* TO DO
Make an exact copy of the records below. Include every line.
==================================================
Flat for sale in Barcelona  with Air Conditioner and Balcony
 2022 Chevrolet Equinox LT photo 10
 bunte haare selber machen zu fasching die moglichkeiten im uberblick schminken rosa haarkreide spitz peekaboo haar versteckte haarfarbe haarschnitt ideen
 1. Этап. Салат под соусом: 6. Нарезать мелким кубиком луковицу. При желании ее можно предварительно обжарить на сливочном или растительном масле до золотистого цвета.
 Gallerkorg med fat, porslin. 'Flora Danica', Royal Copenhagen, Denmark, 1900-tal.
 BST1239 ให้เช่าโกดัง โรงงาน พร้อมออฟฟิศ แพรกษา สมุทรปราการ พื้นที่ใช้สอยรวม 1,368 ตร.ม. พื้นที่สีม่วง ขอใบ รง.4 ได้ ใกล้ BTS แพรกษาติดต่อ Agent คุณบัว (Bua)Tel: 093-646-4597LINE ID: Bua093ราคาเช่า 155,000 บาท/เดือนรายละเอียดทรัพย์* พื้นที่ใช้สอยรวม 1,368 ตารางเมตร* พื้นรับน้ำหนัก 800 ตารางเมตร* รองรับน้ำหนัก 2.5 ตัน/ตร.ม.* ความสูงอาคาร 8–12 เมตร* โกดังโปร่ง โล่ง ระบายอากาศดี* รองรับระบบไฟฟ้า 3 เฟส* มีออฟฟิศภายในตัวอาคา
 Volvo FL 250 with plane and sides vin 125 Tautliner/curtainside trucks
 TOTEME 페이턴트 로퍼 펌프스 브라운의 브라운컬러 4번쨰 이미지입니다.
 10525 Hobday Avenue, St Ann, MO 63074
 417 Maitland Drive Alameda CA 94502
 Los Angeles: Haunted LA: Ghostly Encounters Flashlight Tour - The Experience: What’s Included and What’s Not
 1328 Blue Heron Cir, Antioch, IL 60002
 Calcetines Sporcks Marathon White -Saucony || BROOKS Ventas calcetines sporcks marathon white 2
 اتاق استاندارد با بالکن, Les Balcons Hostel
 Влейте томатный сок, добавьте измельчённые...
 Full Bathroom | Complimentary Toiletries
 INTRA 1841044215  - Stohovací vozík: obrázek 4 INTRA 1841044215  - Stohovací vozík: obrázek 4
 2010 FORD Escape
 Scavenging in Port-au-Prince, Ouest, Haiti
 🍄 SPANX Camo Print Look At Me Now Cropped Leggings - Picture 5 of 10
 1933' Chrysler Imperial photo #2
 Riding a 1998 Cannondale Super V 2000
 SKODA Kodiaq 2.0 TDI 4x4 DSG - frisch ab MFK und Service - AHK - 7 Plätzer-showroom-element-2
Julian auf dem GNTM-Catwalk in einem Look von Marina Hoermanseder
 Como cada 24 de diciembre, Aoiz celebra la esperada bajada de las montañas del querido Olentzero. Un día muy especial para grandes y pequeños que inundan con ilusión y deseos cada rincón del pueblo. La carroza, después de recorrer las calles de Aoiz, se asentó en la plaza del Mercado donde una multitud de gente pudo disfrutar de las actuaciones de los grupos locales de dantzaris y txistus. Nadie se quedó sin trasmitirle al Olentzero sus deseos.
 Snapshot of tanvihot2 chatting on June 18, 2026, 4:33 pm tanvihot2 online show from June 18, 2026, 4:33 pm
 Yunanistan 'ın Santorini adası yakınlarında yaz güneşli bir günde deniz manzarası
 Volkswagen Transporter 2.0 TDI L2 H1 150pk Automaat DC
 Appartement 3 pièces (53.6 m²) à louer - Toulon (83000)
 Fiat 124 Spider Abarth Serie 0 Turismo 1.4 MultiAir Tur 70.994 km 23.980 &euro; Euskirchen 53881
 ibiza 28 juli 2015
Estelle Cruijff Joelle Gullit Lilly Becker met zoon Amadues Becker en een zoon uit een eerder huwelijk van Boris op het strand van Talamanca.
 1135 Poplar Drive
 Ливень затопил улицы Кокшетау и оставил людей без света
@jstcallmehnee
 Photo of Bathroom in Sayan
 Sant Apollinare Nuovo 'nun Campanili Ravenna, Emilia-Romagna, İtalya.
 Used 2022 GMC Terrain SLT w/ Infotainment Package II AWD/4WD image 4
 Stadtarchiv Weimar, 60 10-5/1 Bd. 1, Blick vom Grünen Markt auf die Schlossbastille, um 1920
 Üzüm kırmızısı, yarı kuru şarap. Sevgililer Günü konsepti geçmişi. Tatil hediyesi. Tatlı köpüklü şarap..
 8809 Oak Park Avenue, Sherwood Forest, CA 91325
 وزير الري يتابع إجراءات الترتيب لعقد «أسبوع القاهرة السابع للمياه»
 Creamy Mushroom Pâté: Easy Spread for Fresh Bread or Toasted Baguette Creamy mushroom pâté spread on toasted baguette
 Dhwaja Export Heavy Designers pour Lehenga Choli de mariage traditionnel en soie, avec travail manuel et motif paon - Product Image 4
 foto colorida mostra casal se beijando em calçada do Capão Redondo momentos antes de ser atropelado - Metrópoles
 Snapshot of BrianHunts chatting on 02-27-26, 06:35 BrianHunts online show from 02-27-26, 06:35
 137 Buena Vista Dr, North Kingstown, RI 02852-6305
==================================================
* TASK SOLUTION
Flat for sale in Barcelona  with Air Conditioner and Balcony
 2022 Chevrolet Equinox LT photo 10
 bunte haare selber machen zu fasching die moglichkeiten im uberblick schminken rosa haarkreide spitz peekaboo haar versteckte haarfarbe haarschnitt ideen
 1. Этап. Салат под соусом: 6. Нарезать мелким кубиком луковицу. При желании ее можно предварительно обжарить на сливочном или растительном масле до золотистого цвета.
 Gallerkorg med fat, porslin. 'Flora Danica', Royal Copenhagen, Denmark, 1900-tal.
 BST1239 ให้เช่าโกดัง โรงงาน พร้อมออฟฟิศ แพรกษา สมุทรปราการ พื้นที่ใช้สอยรวม 1,368 ตร.ม. พื้นที่สีม่วง ขอใบ รง.4 ได้ ใกล้ BTS แพรกษาติดต่อ Agent คุณบัว (Bua)Tel: 093-646-4597LINE ID: Bua093ราคาเช่า 155,000 บาท/เดือนรายละเอียดทรัพย์* พื้นที่ใช้สอยรวม 1,368 ตารางเมตร* พื้นรับน้ำหนัก 800 ตารางเมตร* รองรับน้ำหนัก 2.5 ตัน/ตร.ม.* ความสูงอาคาร 8–12 เมตร* โกดังโปร่ง โล่ง ระบายอากาศดี* รองรับระบบไฟฟ้า 3 เฟส* มีออฟฟิศภายในตัวอาคา
 Volvo FL 250 with plane and sides vin 125 Tautliner/curtainside trucks
 TOTEME 페이턴트 로퍼 펌프스 브라운의 브라운컬러 4번쨰 이미지입니다.
 10525 Hobday Avenue, St Ann, MO 63074
 417 Maitland Drive Alameda CA 94502
 Los Angeles: Haunted LA: Ghostly Encounters Flashlight Tour - The Experience: What’s Included and What’s Not
 1328 Blue Heron Cir, Antioch, IL 60002
 Calcetines Sporcks Marathon White -Saucony || BROOKS Ventas calcetines sporcks marathon white 2
 اتاق استاندارد با بالکن, Les Balcons Hostel
 Влейте томатный сок, добавьте измельчённые...
 Full Bathroom | Complimentary Toiletries
 INTRA 1841044215  - Stohovací vozík: obrázek 4 INTRA 1841044215  - Stohovací vozík: obrázek 4
 2010 FORD Escape
 Scavenging in Port-au-Prince, Ouest, Haiti
 🍄 SPANX Camo Print Look At Me Now Cropped Leggings - Picture 5 of 10
 1933' Chrysler Imperial photo #2
 Riding a 1998 Cannondale Super V 2000
 SKODA Kodiaq 2.0 TDI 4x4 DSG - frisch ab MFK und Service - AHK - 7 Plätzer-showroom-element-2
Julian auf dem GNTM-Catwalk in einem Look von Marina Hoermanseder
 Como cada 24 de diciembre, Aoiz celebra la esperada bajada de las montañas del querido Olentzero. Un día muy especial para grandes y pequeños que inundan con ilusión y deseos cada rincón del pueblo. La carroza, después de recorrer las calles de Aoiz, se asentó en la plaza del Mercado donde una multitud de gente pudo disfrutar de las actuaciones de los grupos locales de dantzaris y txistus. Nadie se quedó sin trasmitirle al Olentzero sus deseos.
 Snapshot of tanvihot2 chatting on June 18, 2026, 4:33 pm tanvihot2 online show from June 18, 2026, 4:33 pm
 Yunanistan 'ın Santorini adası yakınlarında yaz güneşli bir günde deniz manzarası
 Volkswagen Transporter 2.0 TDI L2 H1 150pk Automaat DC
 Appartement 3 pièces (53.6 m²) à louer - Toulon (83000)
 Fiat 124 Spider Abarth Serie 0 Turismo 1.4 MultiAir Tur 70.994 km 23.980 &euro; Euskirchen 53881
 ibiza 28 juli 2015
Estelle Cruijff Joelle Gullit Lilly Becker met zoon Amadues Becker en een zoon uit een eerder huwelijk van Boris op het strand van Talamanca.
 1135 Poplar Drive
 Ливень затопил улицы Кокшетау и оставил людей без света
@jstcallmehnee
 Photo of Bathroom in Sayan
 Sant Apollinare Nuovo 'nun Campanili Ravenna, Emilia-Romagna, İtalya.
 Used 2022 GMC Terrain SLT w/ Infotainment Package II AWD/4WD image 4
 Stadtarchiv Weimar, 60 10-5/1 Bd. 1, Blick vom Grünen Markt auf die Schlossbastille, um 1920
 Üzüm kırmızısı, yarı kuru şarap. Sevgililer Günü konsepti geçmişi. Tatil hediyesi. Tatlı köpüklü şarap..
 8809 Oak Park Avenue, Sherwood Forest, CA 91325
 وزير الري يتابع إجراءات الترتيب لعقد «أسبوع القاهرة السابع للمياه»
 Creamy Mushroom Pâté: Easy Spread for Fresh Bread or Toasted Baguette Creamy mushroom pâté spread on toasted baguette
 Dhwaja Export Heavy Designers pour Lehenga Choli de mariage traditionnel en soie, avec travail manuel et motif paon - Product Image 4
 foto colorida mostra casal se beijando em calçada do Capão Redondo momentos antes de ser atropelado - Metrópoles
 Snapshot of BrianHunts chatting on 02-27-26, 06:35 BrianHunts online show from 02-27-26, 06:35
 137 Buena Vista Dr, North Kingstown, RI 02852-6305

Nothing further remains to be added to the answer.